> [Provided records]
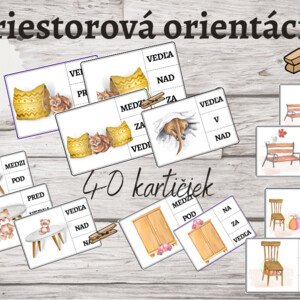 Priestorová orientácia
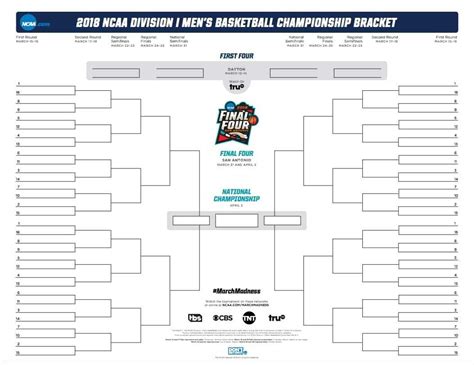 Blank March Madness Bracket Template Owain Paine
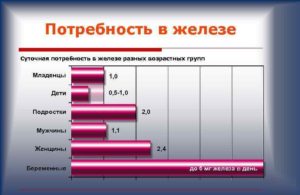 Рекомендуемые нормы потребления железа 
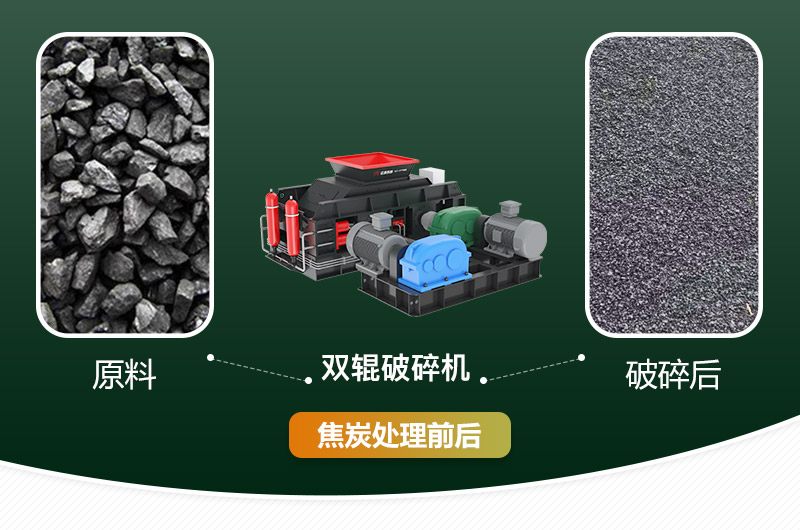 焦炭雙輥破碎機(jī)型號參數(shù)_工作原理及價(jià)格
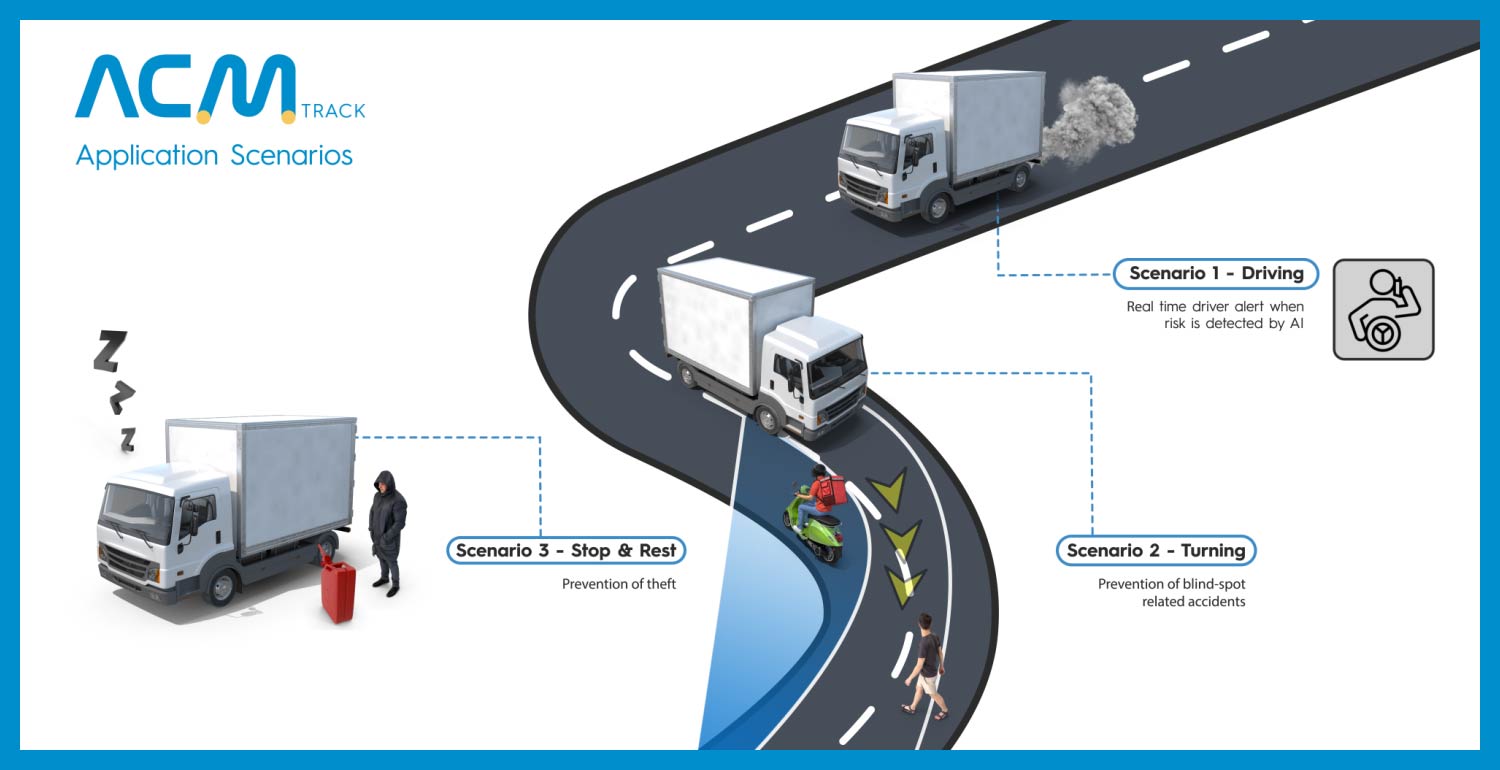 Camera Acm Track Live - Download Artistic Gradient Picture | High Resolution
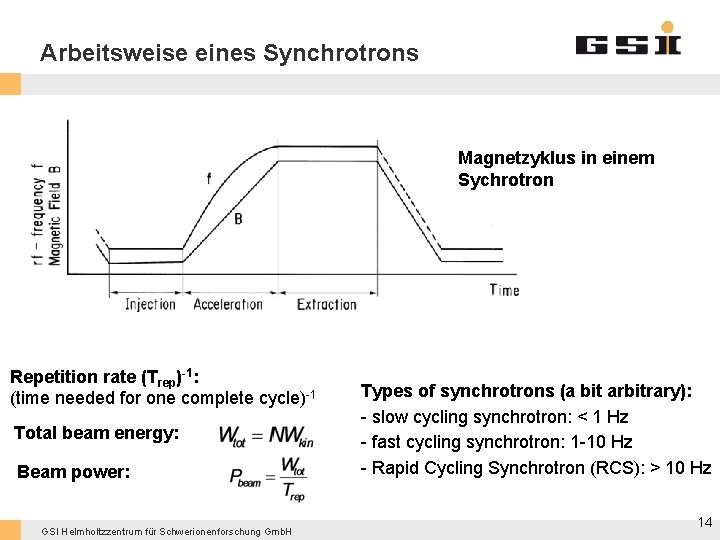 Arbeitsweise eines Synchrotrons Magnetzyklus in einem Sychrotron Repetition rate (Trep)-1: (time needed for one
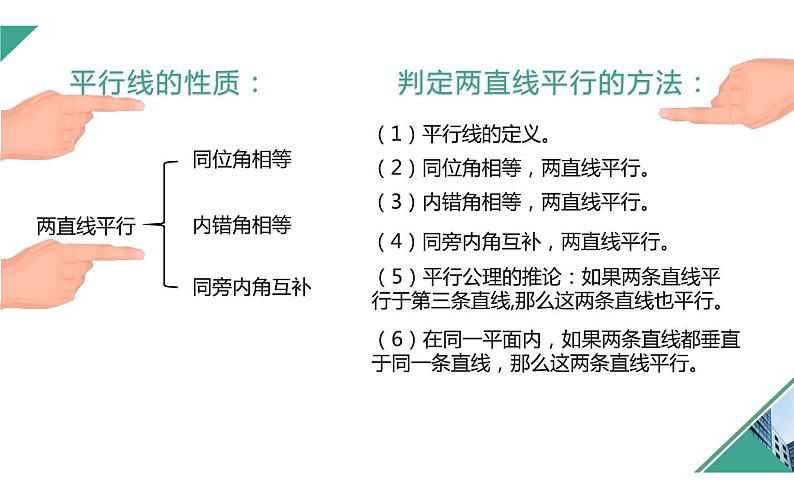 人教版平行线中的拐角问题 优课教学课件第4页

> [Task item] Skip the pictures, then return the rest of the data exactly.

> [Reply to the task]
 Priestorová orientácia
 Blank March Madness Bracket Template Owain Paine
 Рекомендуемые нормы потребления железа 
 焦炭雙輥破碎機(jī)型號參數(shù)_工作原理及價(jià)格
 Camera Acm Track Live - Download Artistic Gradient Picture | High Resolution
 Arbeitsweise eines Synchrotrons Magnetzyklus in einem Sychrotron Repetition rate (Trep)-1: (time needed for one
 人教版平行线中的拐角问题 优课教学课件第4页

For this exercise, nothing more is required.